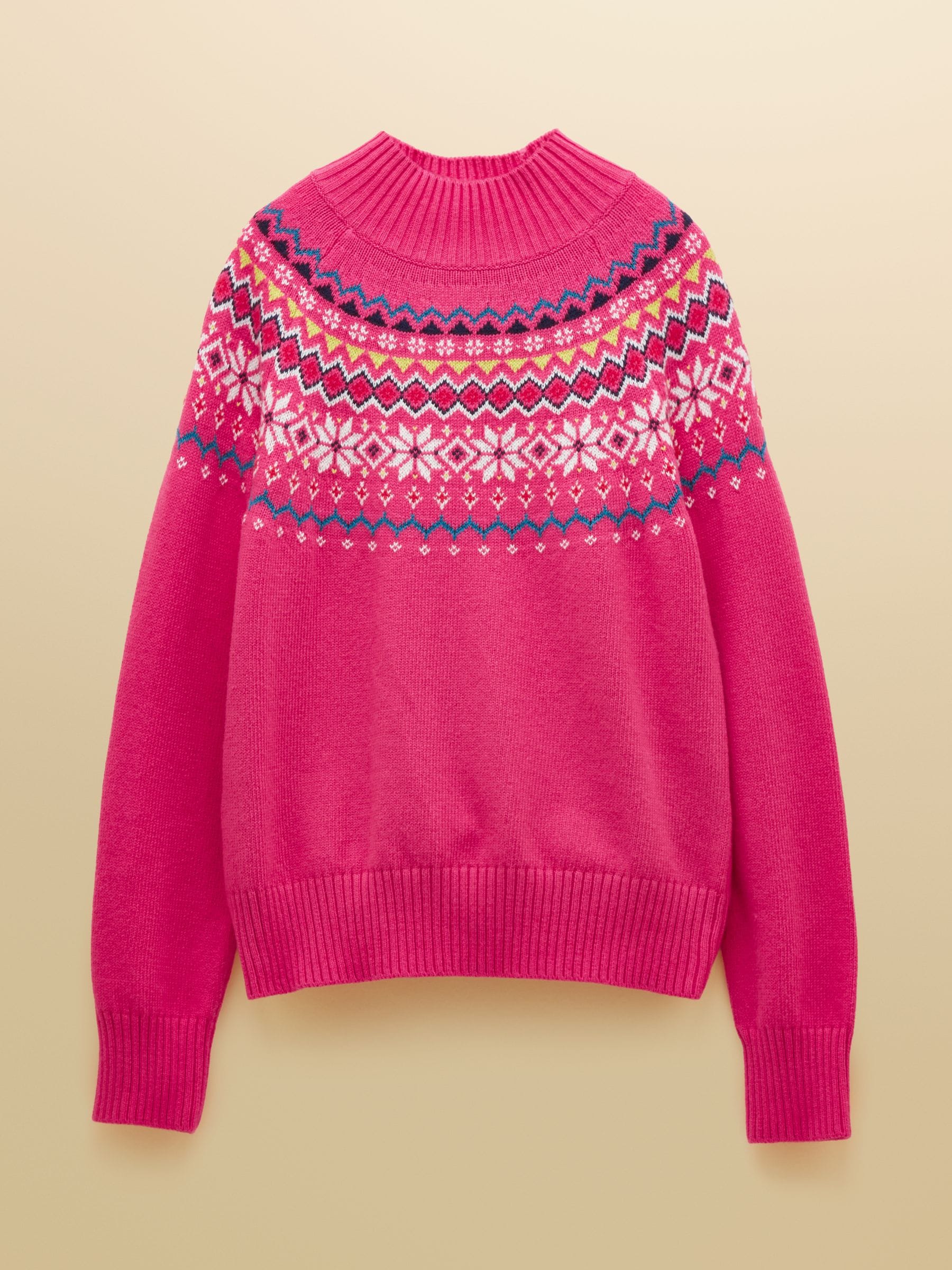 Roze - Joules Alba Fair Isle High Neck Cotton-Blend Jumper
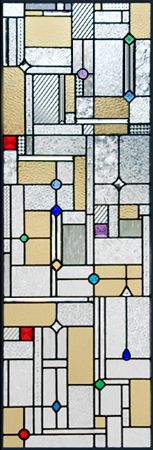 Frank Lloyd Wright inspired custom stained and leaded glass window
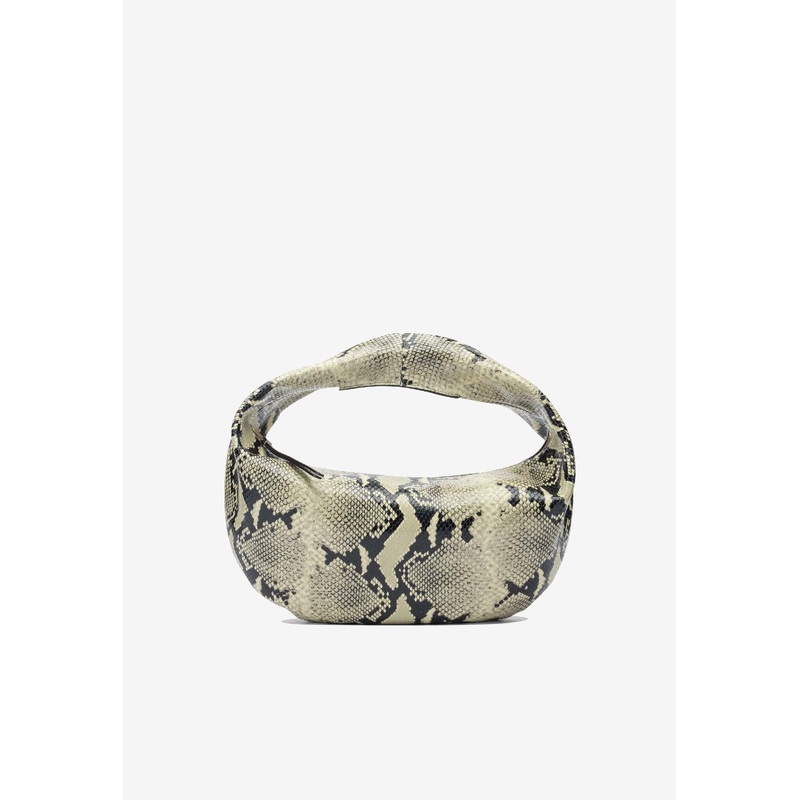 Medium Olivia Python Print Leather Hobo Bag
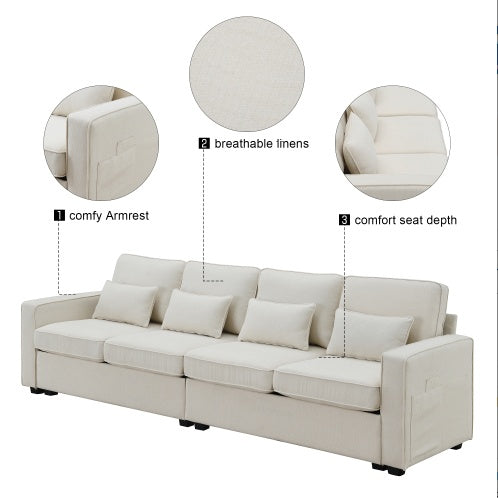 Minimalist linen sofa with armrest pockets and pillows, designed for modern comfort and style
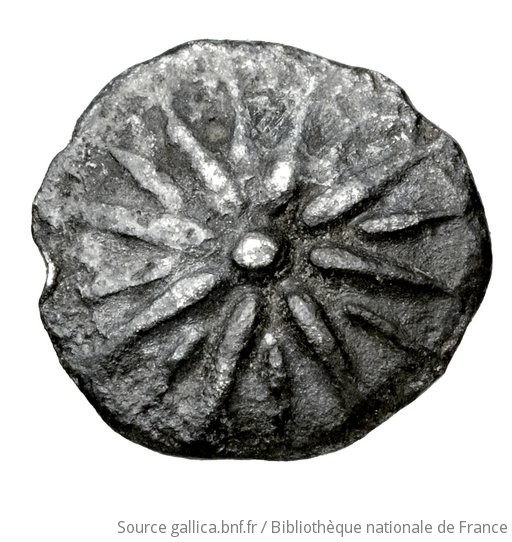 Reverse 'SilCoinCy A4489, Waddington, acc.no.: Babelon 611A. Silver coin of king Evagoras II of Salamis 361 - 351 BC. Weight: 0.5g, Axis: -, Diameter: 9mm. Obverse type: Head of Athena left in crested Athenian helmet. Obverse symbol: -. Obverse legend: - in -. Reverse type: star of sixteen rays. Reverse symbol: -. Reverse legend: - in -. 'Catalogue des monnaies grecques de la Bibliothèque Nationale: les Perses Achéménides, les satrapes et les dynastes tributaires de leur empire: Cypre et la Phénicie', 'Inventaire de la Collection Waddington'.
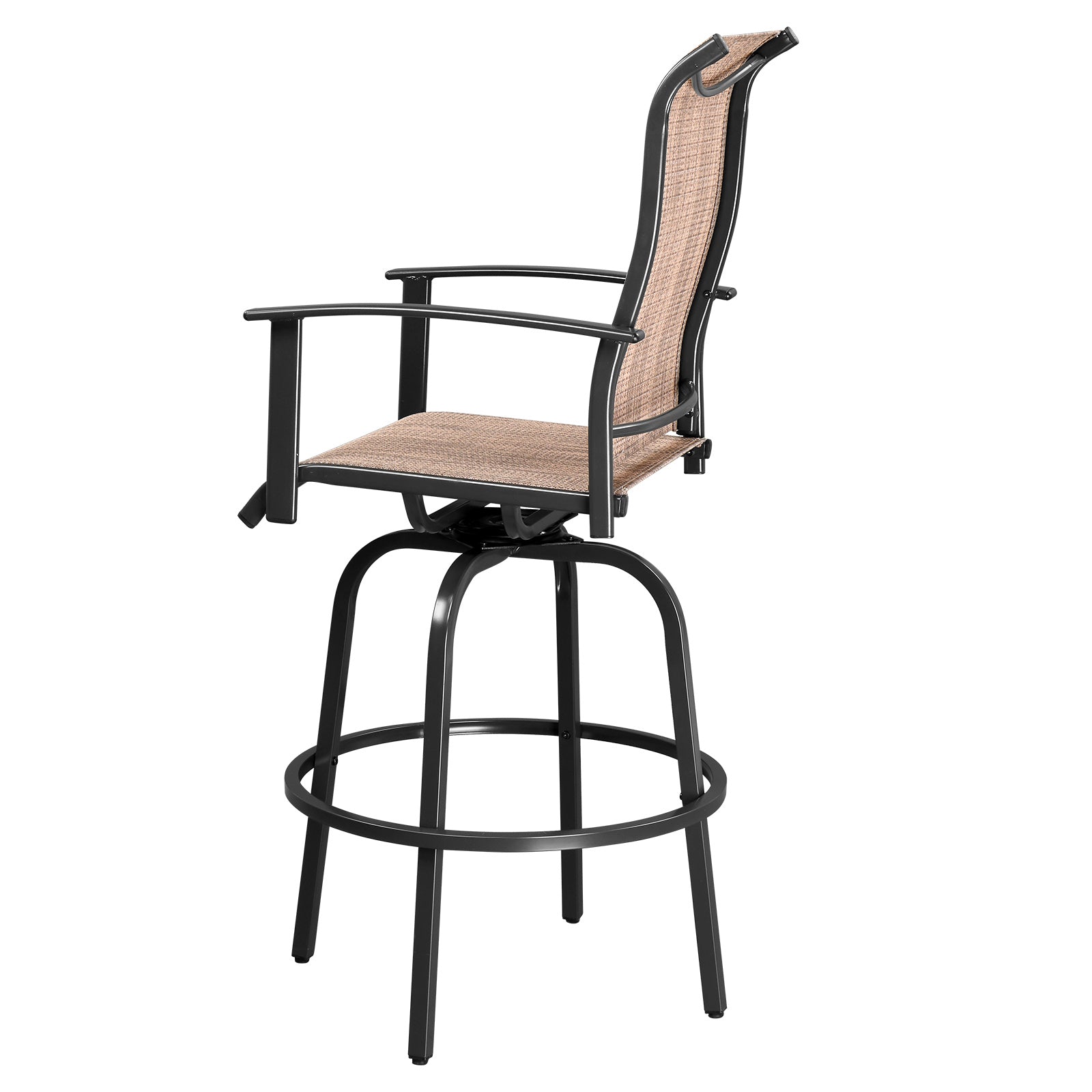 Haoyye 2pcs Wrought Iron Swivel Bar Chairs, Durable and Stylish Patio Swivel Stools in Brown, Comfortable Outdoor Seating for Gardens, Patios, and Balconies, Rust-Resistant Iron Frame, Smooth 360-Degree Rotation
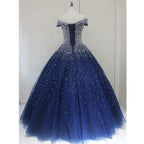 Blue Sparkle Off Shoulder Ball Prom Dresses Handmade Beaded Prom Dresses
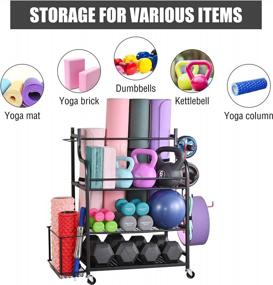 img 3 attached to Mythinglogic Yoga Mat Storage Rack With Wheels And Hooks For Home Gym Equipment Storage - Dumbbells, Kettlebells, Foam Roller, Yoga Strap, And Resistance Bands Organizer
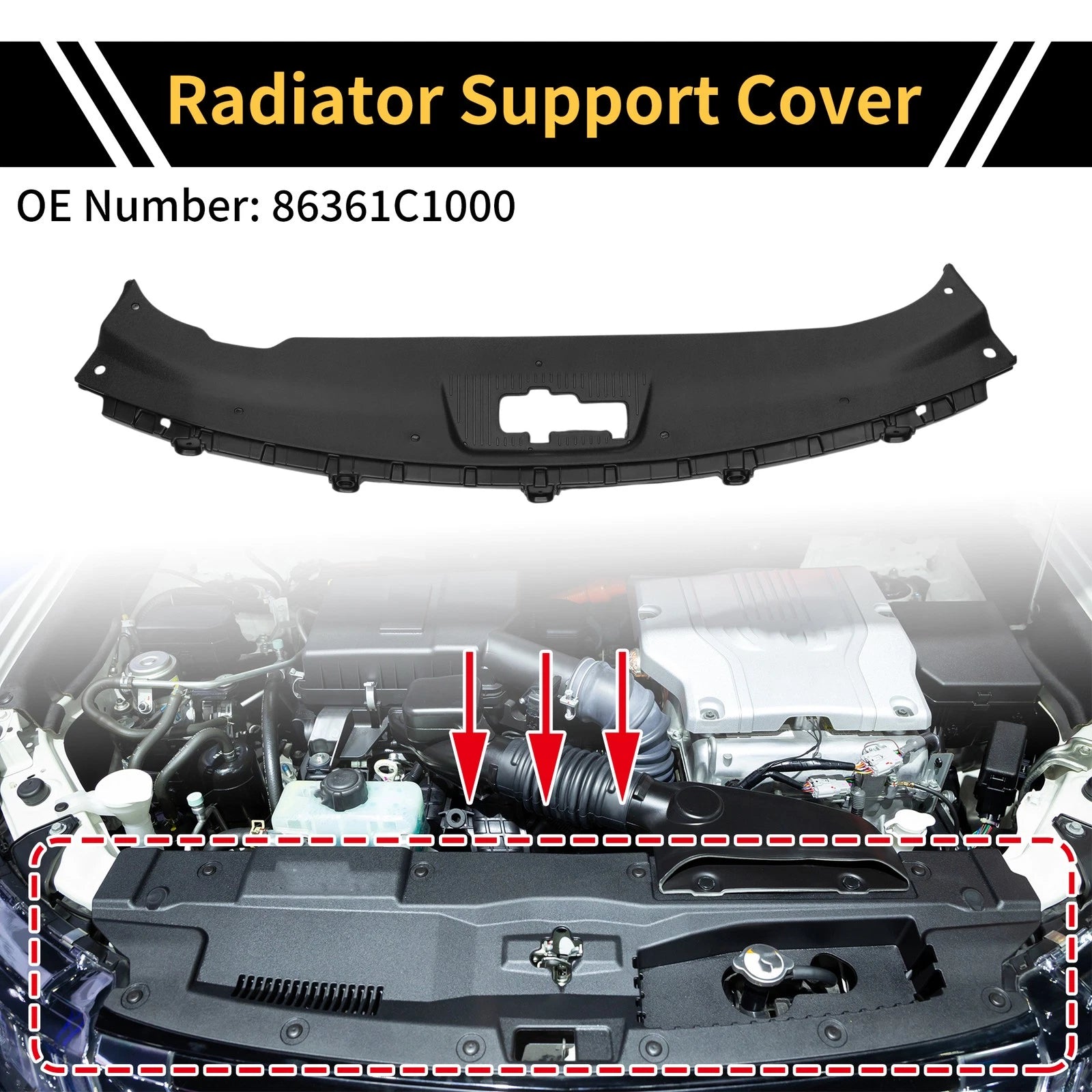 Radiator Support Cover Replacement for Hyundai Sonata (2015–2019) Black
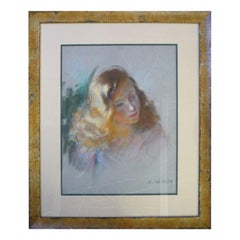 Midcentury French Pastel on Paper of a Young Girl Signed A. Genta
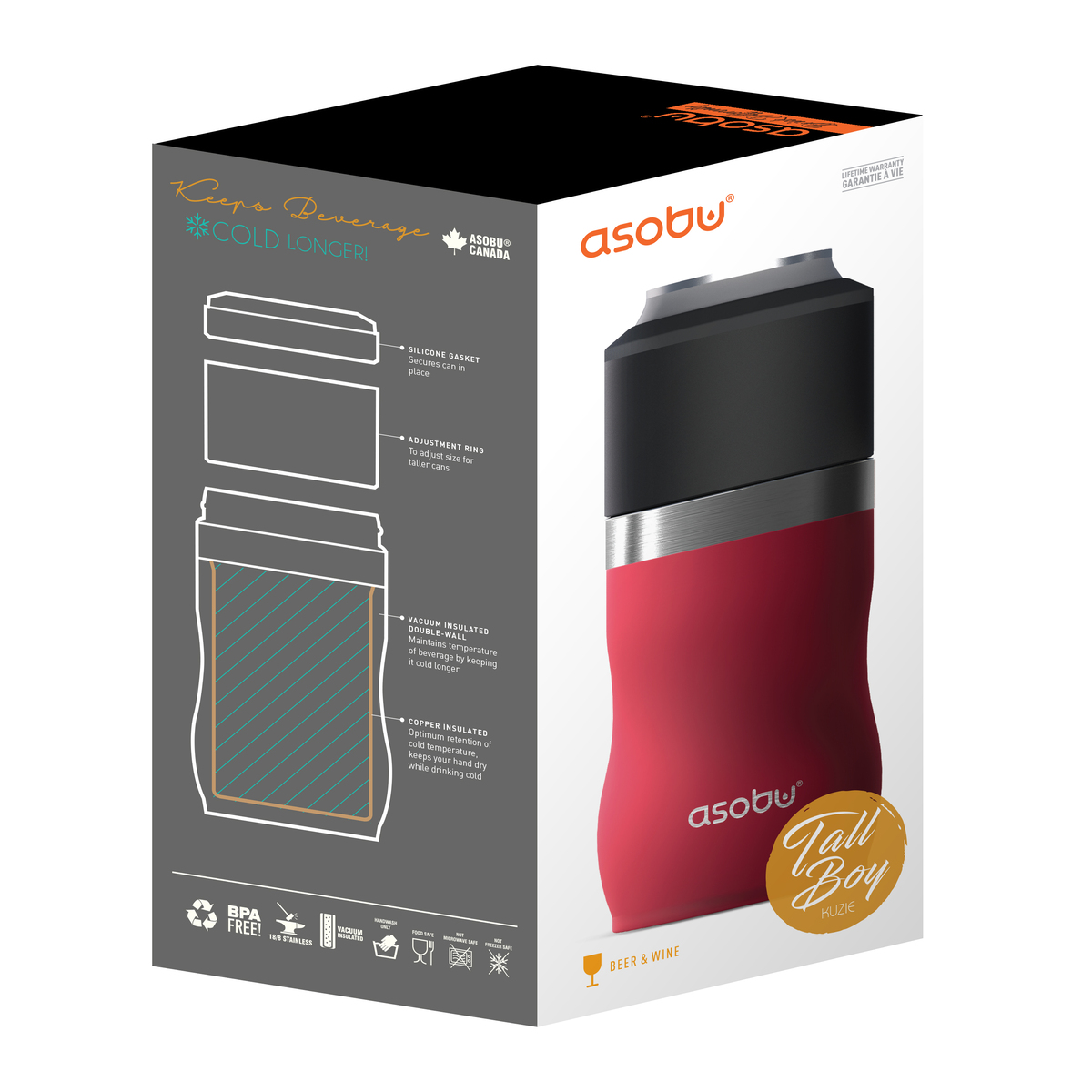 Asobu 24 Oz. Tall Boy Vacuum Insulated Can Keeper 7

▸ REQUIRED ACTION
Reproduce exactly, with nothing added, the lines from the line with "img 3 attached" through the end of the entries above; pictures are to be left out.

▸ WRITTEN ANSWER
 img 3 attached to Mythinglogic Yoga Mat Storage Rack With Wheels And Hooks For Home Gym Equipment Storage - Dumbbells, Kettlebells, Foam Roller, Yoga Strap, And Resistance Bands Organizer
 Radiator Support Cover Replacement for Hyundai Sonata (2015–2019) Black
 Midcentury French Pastel on Paper of a Young Girl Signed A. Genta
 Asobu 24 Oz. Tall Boy Vacuum Insulated Can Keeper 7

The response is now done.